Mini LED TVs do away with the usual lens and packaging associated with regular LEDs, allowing many more of them to be fitted behind an LCD panel. This opens the door to much finer control over how much light is pumped into different parts of the picture – provided the TV has the processing power and image analysis tools to drive such 
a sophisticated system effectively.

The technology, known in Samsung-land as Neo QLED, makes its debut on this £3,000 4K range-topper, and is also a feature on some of the brand's new 8K models. Head further down the TV chain, and regular full-array LED screens continue under the QLED moniker.

Samsung QE65QN95A design and connections
The shift to Mini LED has enabled Samsung to make the 65QN95A much trimmer than its recent predecessors. The frame around the screen is vanishingly narrow, too, while cable spaghetti haters will be pleased to hear that it ships with an external connections box that delivers everything 
to the screen – even power – via a single cable.

All four of the box's HDMI inputs support the 4K/HDR/120Hz feeds the new Xbox and PS5 consoles are capable of outputting. They also offer Auto Low Latency Mode (ALLM) switching, where the TV activates its low-lag Game mode automatically when a gaming source is detected, plus variable refresh rates. In fact, the QE65QN95A is the first TV officially licensed for FreeSync Premium Pro, as well as handling the standard HDMI 2.1 VRR system and (unofficially) Nvidia G-Sync.

In other gaming news, this is also the first TV available to support the 21:9 and 32:9 aspect ratios of some PC games, while Samsung's new Game Bar dashboard tells you at a glance what gaming options you’ve got selected, and the format of game feed the TV is receiving. And as for that Game mode, I measured an input lag 
of just 9.2ms with 1080p/60Hz sources, the lowest such figure I’ve seen on a TV. Samsung has thoughtfully also provided a option that lets you introduce a touch of motion processing, to make pans look smoother, that only ups the input lag to 14ms.

Samsung QE65QN95A features
Moving on to video rather than game credentials, the 65QN95A’s single most exciting feature is its 792 separate dimming zones, each capable of simultaneously outputting different levels of brightness. The most dimming zones seen on a Samsung LCD TV before now is 480 – and last year’s flagship 4K TV only got 120. The potential impact this could have on contrast performance is mouthwatering, and it's here combined with extreme huge brightness figures of up to 2,700 nits (measured on a 10 per cent white HDR window). Even the Filmmaker Mode preset, which has been calibrated to meet the accuracy demands of the independent UHD Alliance, hits peaks north of 1,600 nits.

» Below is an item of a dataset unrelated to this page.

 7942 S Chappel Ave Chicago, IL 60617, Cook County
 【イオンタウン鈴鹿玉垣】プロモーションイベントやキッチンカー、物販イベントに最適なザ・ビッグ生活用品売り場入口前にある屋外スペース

This TV debuts other fresh ideas beyond Mini LED. 
For example, to help the get best from the bijou backlight, Samsung has cooked up a 'Quantum Matrix' system that includes local dimming, power distribution and a new 
Black Detail Boost feature (for enhancing shadow detail reproduction) within its processing remit. Meanwhile, 
wider image processing is handled by a new Neo Quantum Processor, which, says Samsung, draws on the AI picture quality learnings of no less than 16 separate neural networks. Last year’s processor only had the results of one neural network to work with.

The 65QN95A’s Smart features are provided by Samsung’s Eden platform, with voice control capability and a huge roster of apps and streaming services. There’s a new green element to 
the TV's features, too, in the shape of a solar-powered smart remote.

samsung_neo_QLED_QE64QN95A

Samsung QE65QN95A 4K HDR performance
Feeding the TV a few of my preferred torture-test 4K Blu-ray scenes reveals that Samsung’s move to Mini LED has worked out very nicely. Subjective contrast is sky-high, and backlight precision is exemplary. It feels like a genuine step-change in LED TV performance.

My personal favourite improvement is that bright HDR objects surrounded by darker backdrops are no longer being dimmed to limit backlight clouding problems, as they have been with many recent Samsung models. During the opening of Venom on 4K Blu-ray, where a distant ship 
is highlighted against the blackness of space, and subsequently falls in flames from the night sky, these 
bright objects really keep hold of their intensity.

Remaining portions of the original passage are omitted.